_Problem description:_
Return the data below exactly as given, except for the images.

Segment Start: Records to use

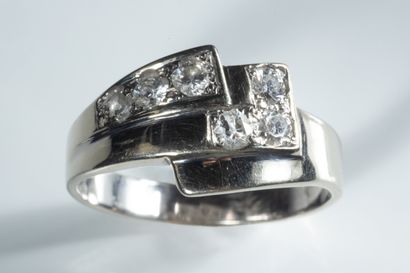 Bague en or gris (750 millièmes) sertie de...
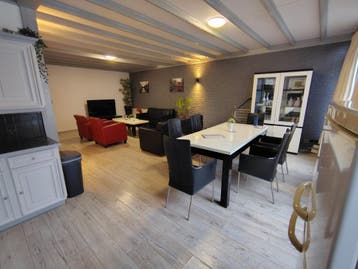 Gratis zwart/meubelset veelgebruikt. (Alleen meubels!)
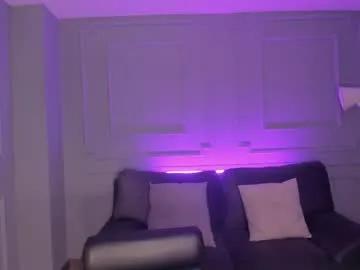 Freechat leahnovac on Chaturbate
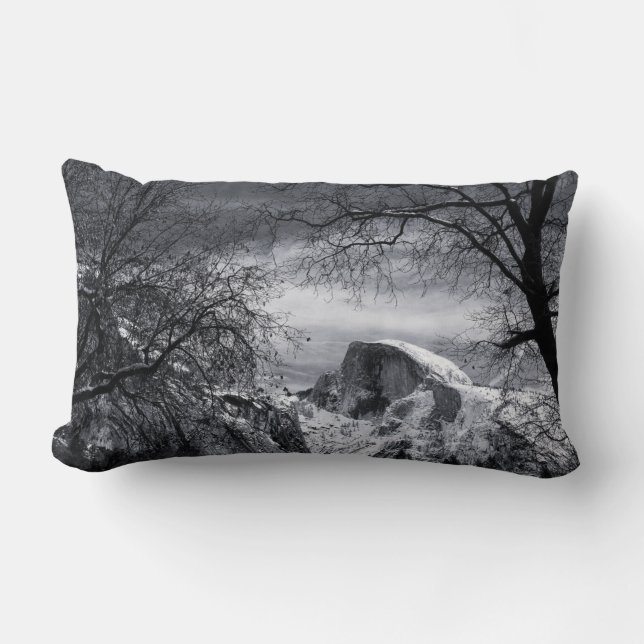 Halvdaglig i vinter | Yosemite Valley Lumbarkudde (Framsida)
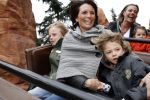 Parijs 31 maart 2007
Leontine Borsato met Luca Senna en Jada bij het 15 jarig bestaan van disneyland parijs.
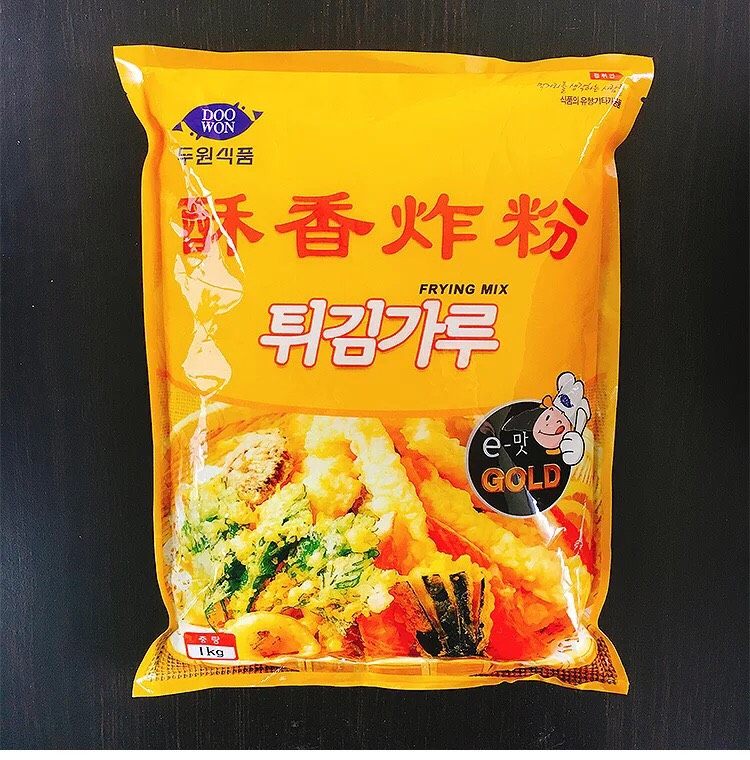 跟韩国人学的★双拼口味韩式炸鸡
「酱油蒜蓉味+韩式经典味」,我们取炸鸡粉出来,我用的是这种哦。正宗的韩国炸鸡,一定要用韩国的炸鸡粉,才地道嘛!淘宝有卖的哦,不贵的。才2,3十的。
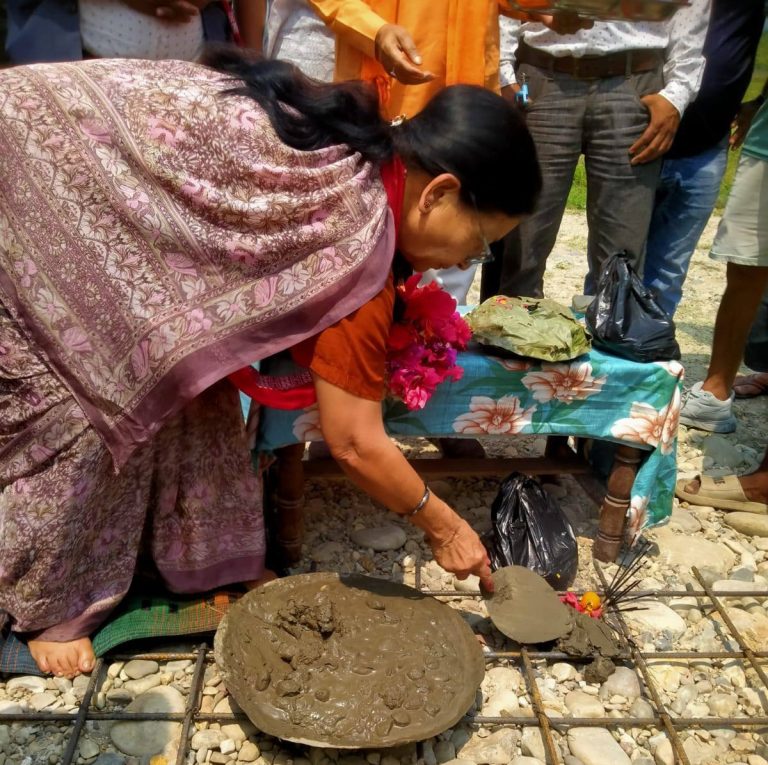 ठोरीमा पूर्वमन्त्री अर्यालद्वारा तीनवटा सडक योजनाको शिलान्यास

Segment End: Records to use

_Answer space:_
 Bague en or gris (750 millièmes) sertie de...
 Gratis zwart/meubelset veelgebruikt. (Alleen meubels!)
 Freechat leahnovac on Chaturbate
 Halvdaglig i vinter | Yosemite Valley Lumbarkudde (Framsida)
 Parijs 31 maart 2007
Leontine Borsato met Luca Senna en Jada bij het 15 jarig bestaan van disneyland parijs.
 跟韩国人学的★双拼口味韩式炸鸡
「酱油蒜蓉味+韩式经典味」,我们取炸鸡粉出来,我用的是这种哦。正宗的韩国炸鸡,一定要用韩国的炸鸡粉,才地道嘛!淘宝有卖的哦,不贵的。才2,3十的。
 ठोरीमा पूर्वमन्त्री अर्यालद्वारा तीनवटा सडक योजनाको शिलान्यास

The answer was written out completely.